- _Action item_
Your job is to return each record exactly, minus any pictures.

- _Records provided_
——
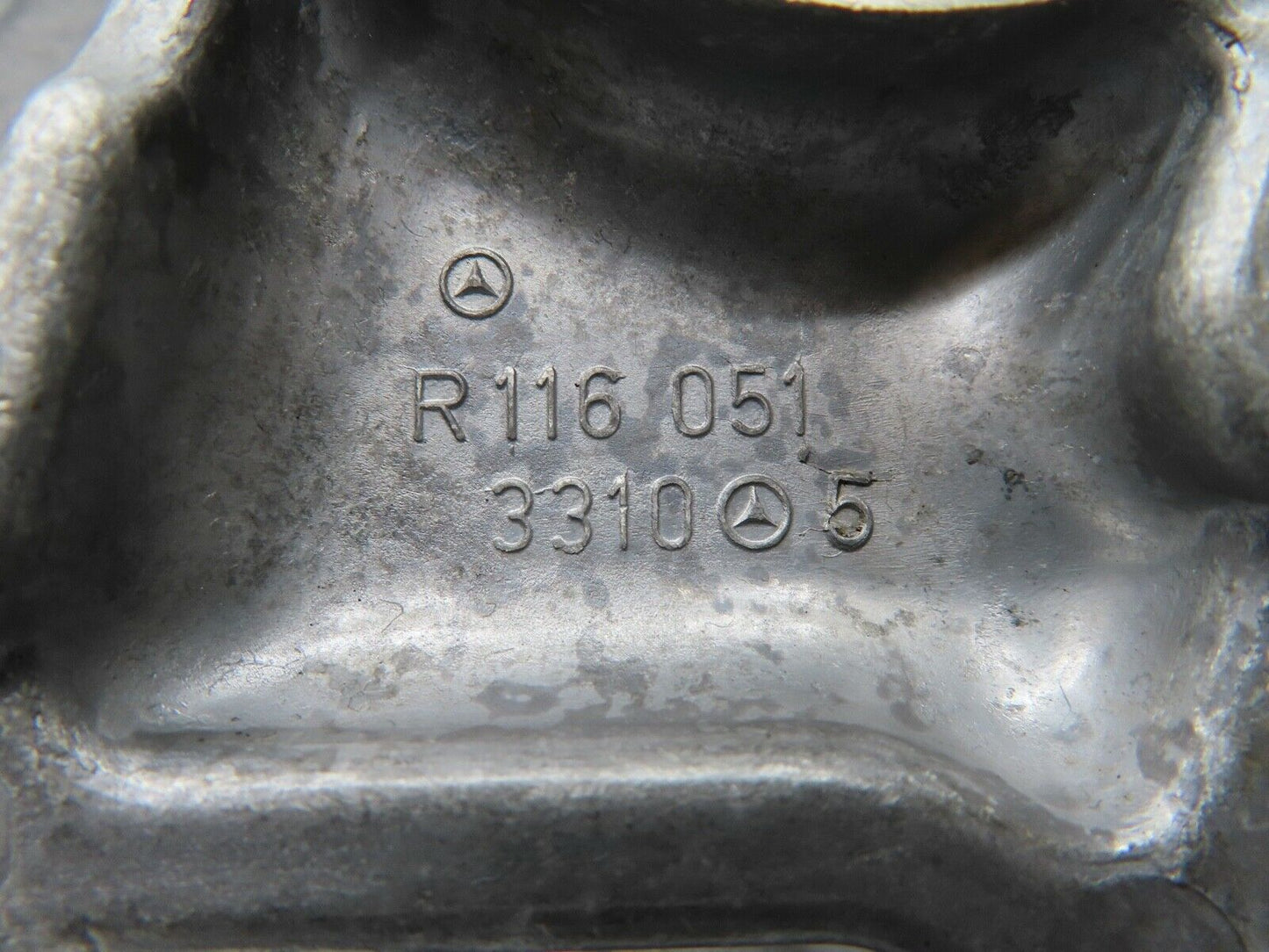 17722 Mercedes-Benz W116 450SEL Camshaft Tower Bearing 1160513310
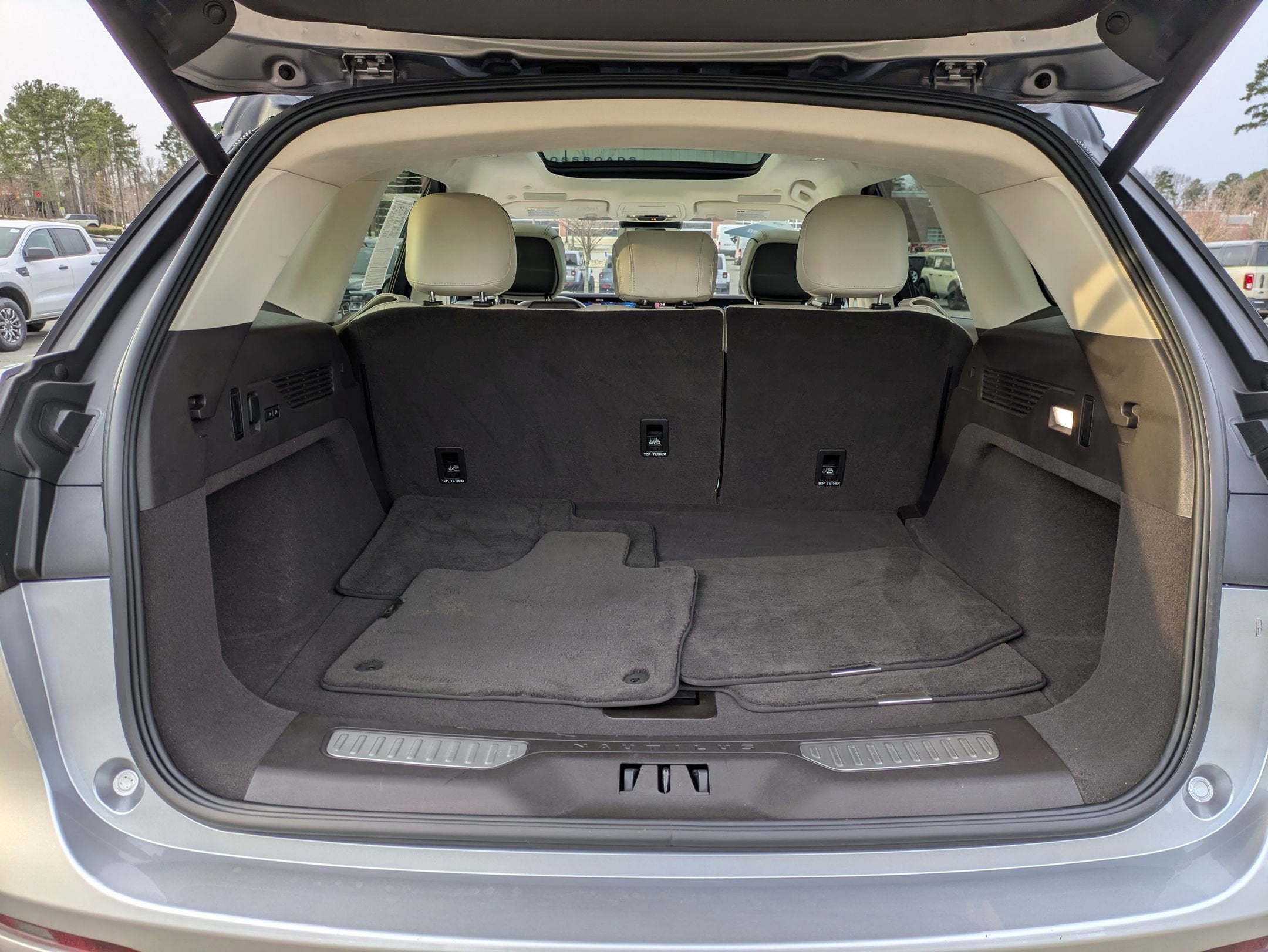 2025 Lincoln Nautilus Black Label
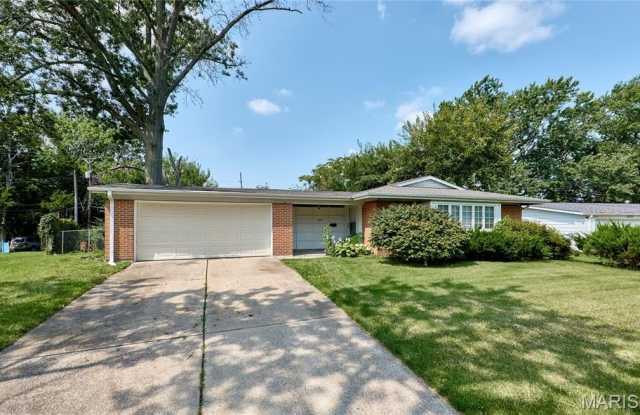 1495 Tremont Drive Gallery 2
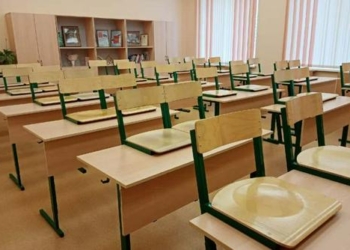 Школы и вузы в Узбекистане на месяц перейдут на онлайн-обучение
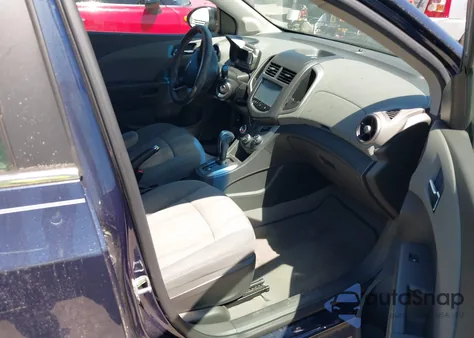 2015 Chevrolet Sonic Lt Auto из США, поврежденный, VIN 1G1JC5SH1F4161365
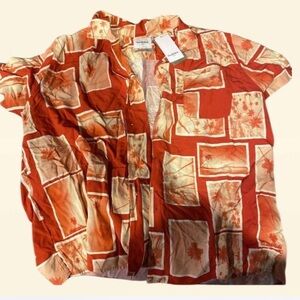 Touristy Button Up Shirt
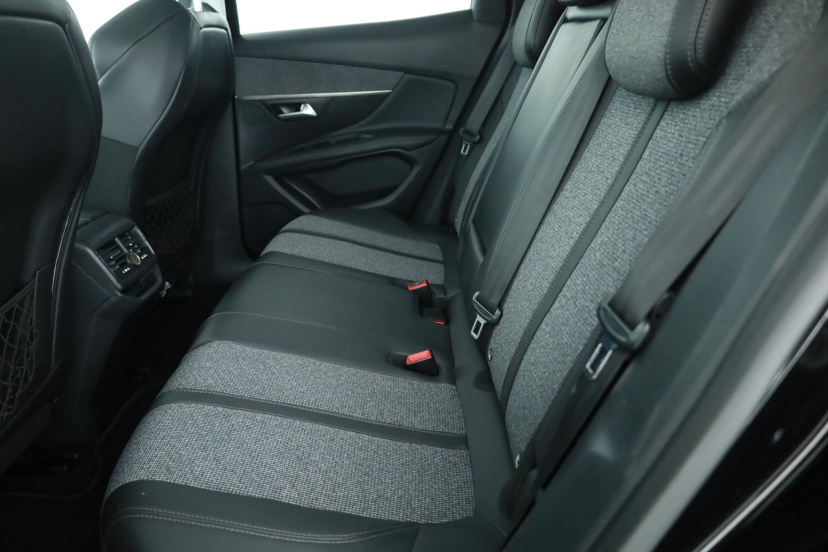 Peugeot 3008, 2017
——
- _Task solution_
 17722 Mercedes-Benz W116 450SEL Camshaft Tower Bearing 1160513310
 2025 Lincoln Nautilus Black Label
 1495 Tremont Drive Gallery 2
 Школы и вузы в Узбекистане на месяц перейдут на онлайн-обучение
 2015 Chevrolet Sonic Lt Auto из США, поврежденный, VIN 1G1JC5SH1F4161365
 Touristy Button Up Shirt
 Peugeot 3008, 2017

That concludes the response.